Based on these alleged facts, the petitioner asserts that he could not have timely filed his § 2255 motion because he did not know that his direct appeal had been dismissed until March 10, 2005, approximately five months after his one-year limitation period had run under § 2255. During the time between the filing of his appeal and notification of its dismissal, the petitioner asserts that he assumed his appeal was still pending. The petitioner further asserts that his § 2255 motion has merit and is not frivolous. The petitioner asserts that the circumstances in this case are extraordinary, in that he had no knowledge that his appeal had been dismissed and further, that any orders sent to him during this time may have been lost due to the fact that he was transferred between institutions. Therefore, the petitioner asserts that he should be allowed to proceed.

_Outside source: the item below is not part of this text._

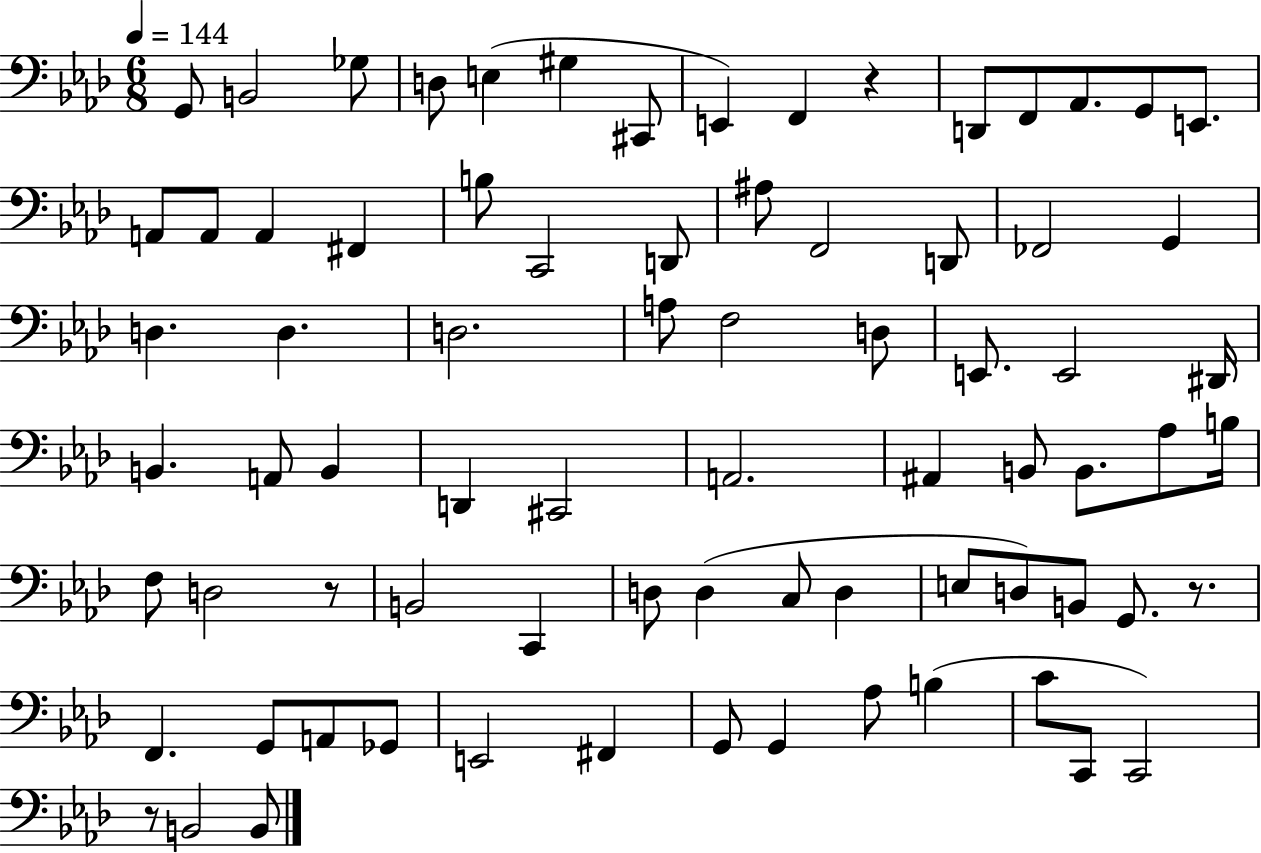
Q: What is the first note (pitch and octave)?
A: G2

Assuming that the petitioner did not receive a copy of the dismissal of his appeal, it is abundantly clear that if petitioner had simply made a timely inquiry with the Clerk of Court at either the district or circuit court, he would have known his appeal had been dismissed and could have timely filed his § 2255 motion. Instead, the petitioner chose to "assume" that his appeal was still pending, even though he had not heard anything from the Court in more than two years. The petitioner admits that whenever he requested documents or information about the status of his case from the Clerk, he was given the requested information. It was not outside of the petitioner's abilities to obtain the status of his appeal, even if he did not receive proper notification from either the Court or his counsel.
Accordingly, the petitioner has failed to meet the requirements for equitable tolling. The petitioner has not shown that extraordinary circumstances existed that were beyond his own conduct or control that prevented him from timely filing his § 2255 petition. Rather, the petitioner was simply not diligent in his efforts to pursue appellate and collateral relief. Therefore, it is not unconscionable to enforce the limitation period against petitioner and he should not be entitled to equitable tolling.
V. Conclusion
It is the opinion of the Court that the Magistrate Judge's Report and Recommendation [Civ. Doc. 6] should be, and is, hereby ORDERED ADOPTED. Accordingly, the Court hereby DENIES the petitioner's application under 28 U.S.C. § 2255 as untimely and DISMISSES this matter with prejudice.
The Clerk is directed to mail true copies of this Order to all counsel of record and the pro se petitioner.